TASK INSTRUCTIONS. A faithful, picture-free copy of the listing below is required.

DATA SEGMENT.
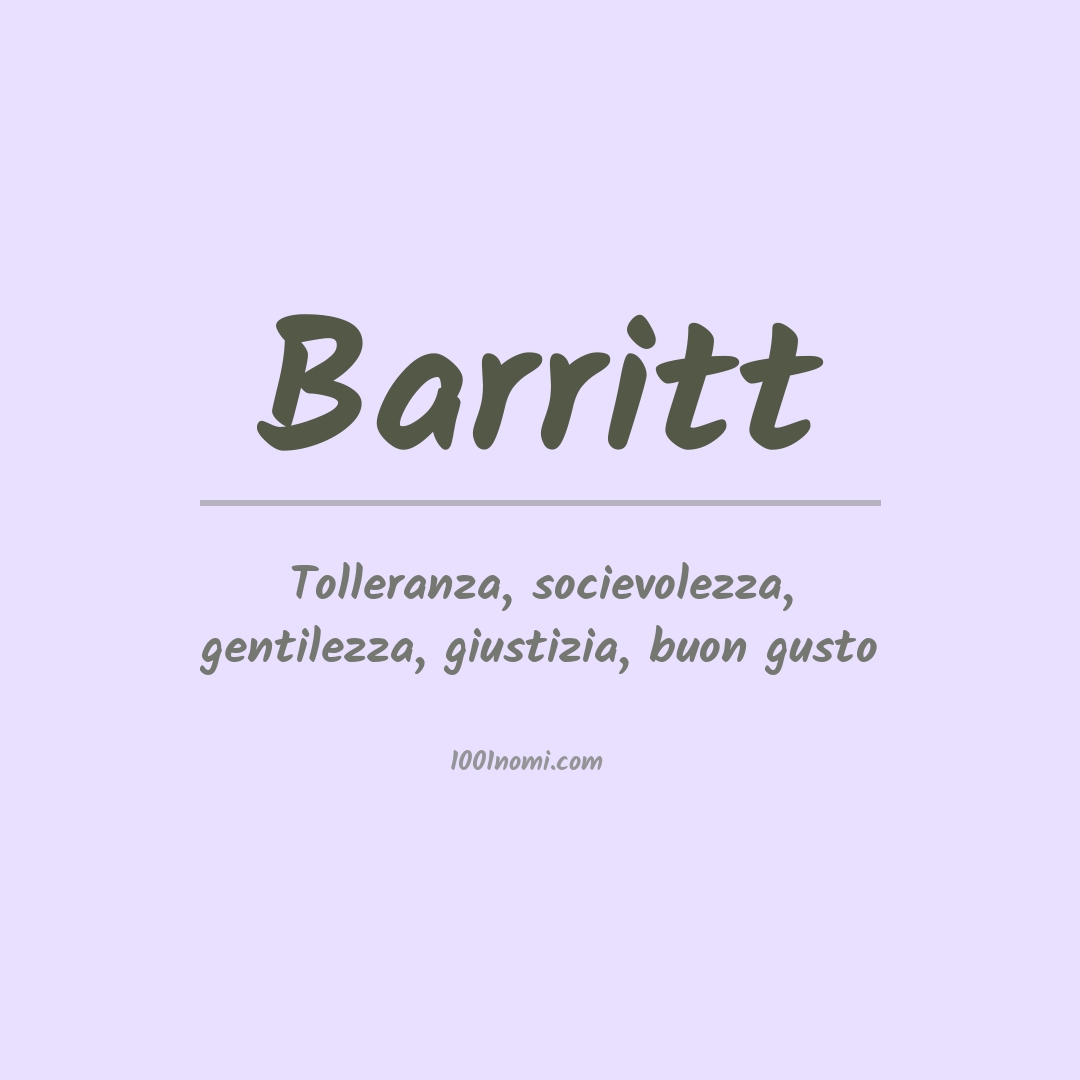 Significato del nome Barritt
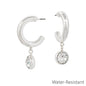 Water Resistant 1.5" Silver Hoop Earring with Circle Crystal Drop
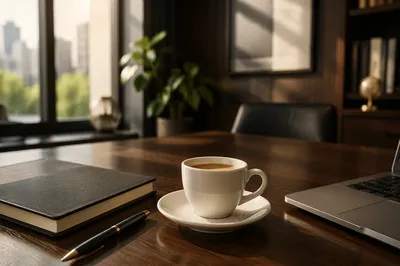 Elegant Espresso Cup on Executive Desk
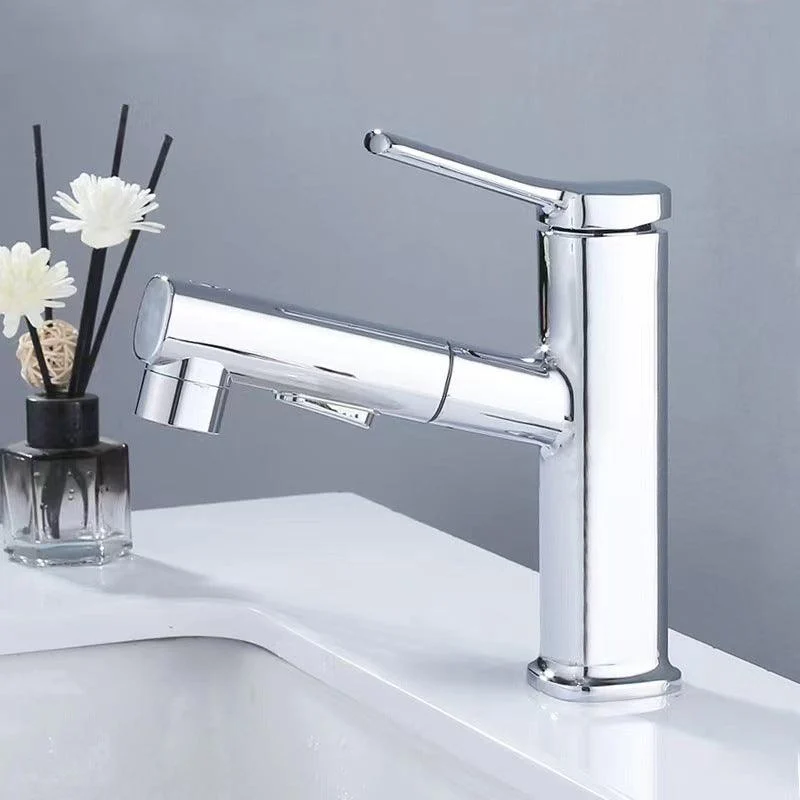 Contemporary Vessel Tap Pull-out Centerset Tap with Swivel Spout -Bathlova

WRITTEN ANSWER.
 Significato del nome Barritt
 Water Resistant 1.5" Silver Hoop Earring with Circle Crystal Drop
 Elegant Espresso Cup on Executive Desk
 Contemporary Vessel Tap Pull-out Centerset Tap with Swivel Spout -Bathlova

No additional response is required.